Mobile Image Blur Detection with Machine Learning

From Python Prototype to JavaScript Web App

--

As Chief Data Officer at snapADDY, I’m responsible for various tasks related to Data Science and Machine Learning. Mostly, this means working on our pipeline for parsing contact information from unstructured text. But from time to time, some interesting side projects come up as well. This is the story of one of them.

Let’s start with a short problem description. Among other things, snapADDY builds products that scan and parse business cards. The first step, of course, is to take a photo of the business card in question. This is usually done out in the field, using our apps on a smartphone or tablet.

However, people sometimes tend to take blurry images (e.g. when they’re in a hurry etc.). This results in our OCR engine not being able to properly recognize the text on the card, which in turn screws up the whole subsequent recognition pipeline. To avoid this problem, we decided to add a blur detection to our apps’ camera view and immediately warn the user if he or she took a blurry photo.

Goal: Provide instant feedback if a user takes a blurry photo.

In this project, we followed a two-step development approach:

  • first, build a prototype in Python (since it has nice libraries for image processing and machine learning readily available)
  • second, port what’s necessary for production to JavaScript (since our apps are built with Ionic)

Image Processing

Step one, before even thinking about algorithms and implementations, was to get our hands on test data. In my experience, this is a best practice that should be observed at any research & development task:

Try to obtain realistic test data as early as possible.

In our case, we collected a test set of 25 business cards and took two photos of each of them: a blurry one and a sharp one. We did this using a DSLR camera and manually setting the focus. Let’s call this test set synthetic data, since it was artificially produced under something like “laboratory conditions.”

Taking test photos of business cards with blurry focus and difficult light settings. Lenovo product placement unintentional.

In addition, one of our customers kindly provided 66 photos of business cards that were taken out in the field.
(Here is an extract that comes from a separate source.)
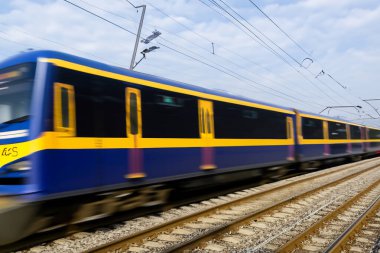 Tren. Modern yüksek hızlı tren istasyon platformunda hareket ediyor. Tren istasyonunun peronunda elektrikli tren var. Gün batımında demiryolu rayları. Demiryolu seyahat kavramı.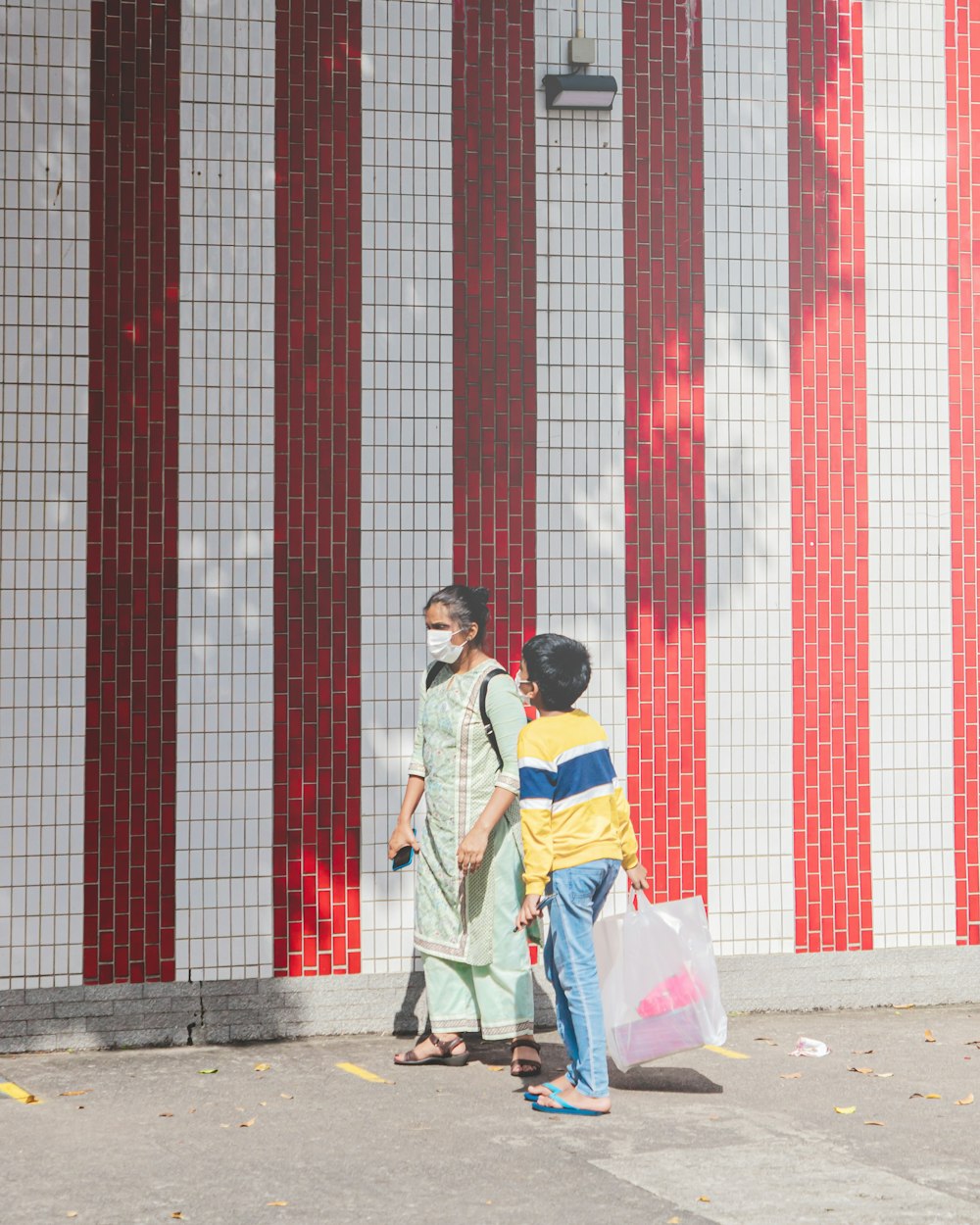 homem e mulher que se beijam perto da parede vermelha e branca durante o dia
With the test data available, we started experimenting with a couple of standard algorithms from computer vision. There is a myriad of different algorithms for blur (or edge) detection in the literature; we decided to keep it simple and focus on the well-known Laplace and Sobel filters.
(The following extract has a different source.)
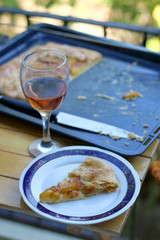 Slice of peach cake and glass of red wine outdoor. Selective focus.
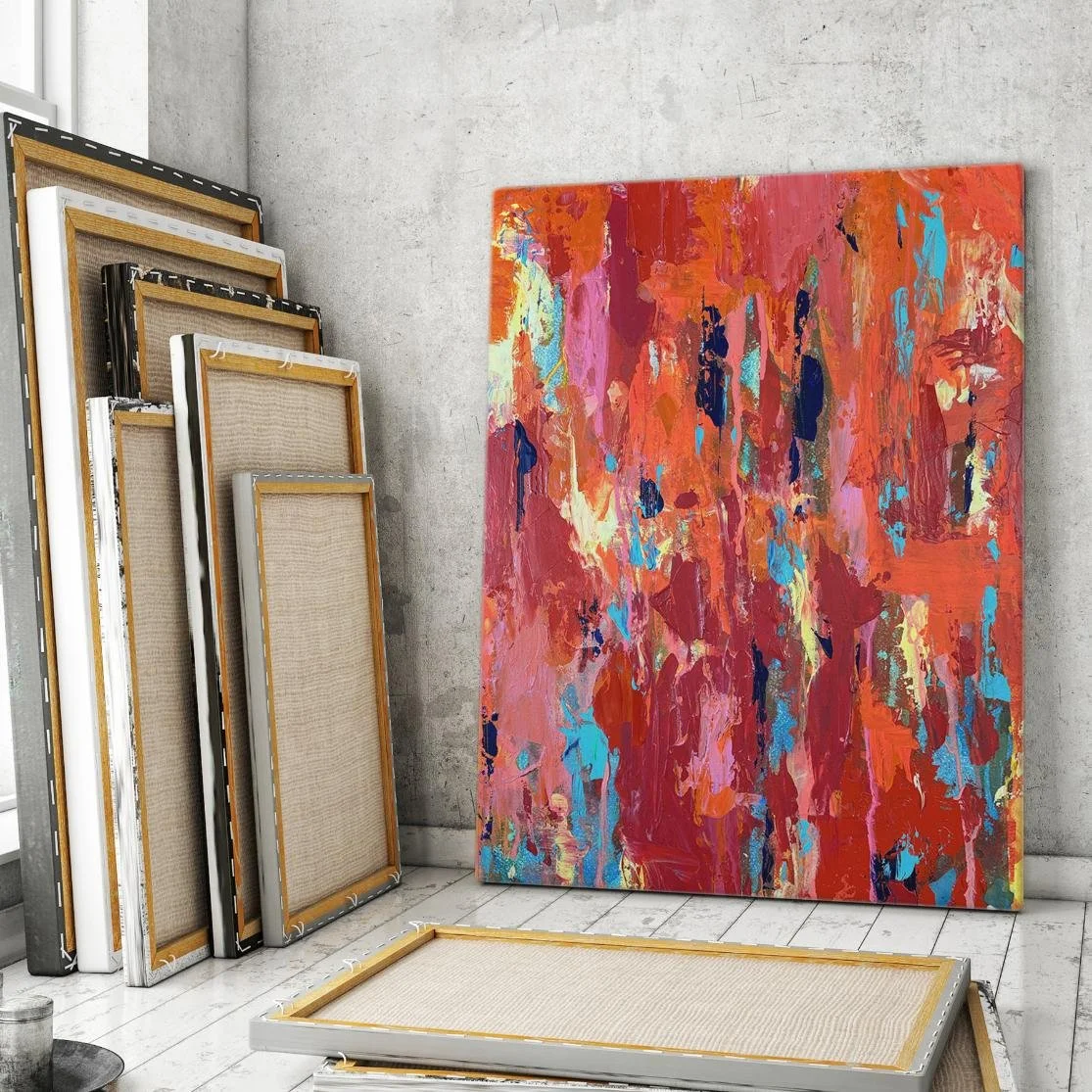 Ember featured in an artist’s studio setting, standing upright among other blank and completed canvases with a textured concrete wall backdrop.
The basic approach is this:

  1. use Laplace (or Sobel) filter to find edges in the input image
  2. compute the variance and the maximum over the pixel values of the filtered image
  3. high variance (and a high maximum) suggest clearly distinguished edges, i.e. a sharp image. Low variance suggests a blurred image

Implementations of both filters are available in Python via the scikit-image package. With image loading, resizing and grayscaling, we arrive at the following short script:

Edge detection via the Sobel filter can be done similarly (by using skimage.filters.sobel instead of laplace). We chose to downscale the image to a fixed resolution for comparability between various images and lower running times in production.
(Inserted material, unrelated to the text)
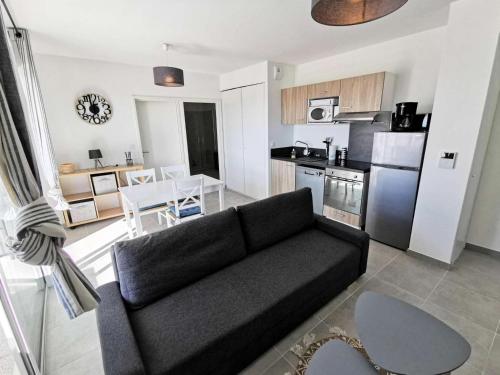 un salon avec un canapé noir et une cuisine dans l'établissement Résidence Les Voiles Blanches - 2 Pièces 4 couchages PORT LEUCATE MAE-5854, à Leucate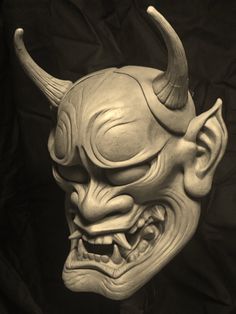 a white mask with horns and fangs on it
However, a crucial question remains:

What is the right threshold to distinguish sharp from blurry images (based on the computed values)?

This is where machine learning comes into play.

Machine Learning

With the code above, we are able to compute the variance and maximum values based on Laplace and Sobel filter for any given image. Below, you see two photos of a business card from our synthetic data set, together with the computed values.

Two photos of the same business card from our test set, one being sharp and the other blurry.

There is a clear difference between the sharp and the blurred image in all four measure. This is a good sign: it seems like these measures can be used as features for discriminating between the two classes of images (blurry and non-blurry). Let’s check for all images in the synthetic data set:

As you can see in the plots, the features based on the Laplace filter are (much) better in discriminating between the sharp and blurry images in our data set. Based on this observation, we discard the Sobel-based features and continue with the Laplace filter only. Note that all of these observations are based on test data; luckily we obtained this data early on!

Regarding the plot of the Laplace-based features, we observe that our two classes (blurry and non-blurry) are linearly separable. That means that we can find a line in (feature) space such that all data points from one class lie on one side and all points from the other class lie on the other side. In fact, there is not only one such line, but an infinite number of them. This leads to the final question:

Which separating line would be best?

We answer this question using a standard technique from machine learning: by training a support vector machine.

Heavy (support vector) machinery. (Photo by Isis França on Unsplash)

A support vector machine is an algorithm that computes a “best” separating line for us. The line is optimal in the sense that the margin between the two classes along the line is maximal. The plot below shows the optimal line for our data:

SVM trained on our “synthetic” data set. Blue data points correspond to sharp photos, orange points to blurry photos. The decision boundary is optimal in the sense that it realizes a maximum margin between the classes. Note that the features have been scaled in this plot.

Using scikit-learn, it becomes ridiculously easy to train a support vector machine on our data set (and thus calculate the parameters for the line shown above):

The two line at the bottom show how to make predictions with our freshly-trained classifier on sample data. At this point, we have tried our classifier on the 66 photos from our customer and achieved satisfying results: the blurred images were identified correctly.

This could be the end of the story, but since our actual product is built in JavaScript/TypeScript (and not Python), we still need to transfer the prediction function to production use.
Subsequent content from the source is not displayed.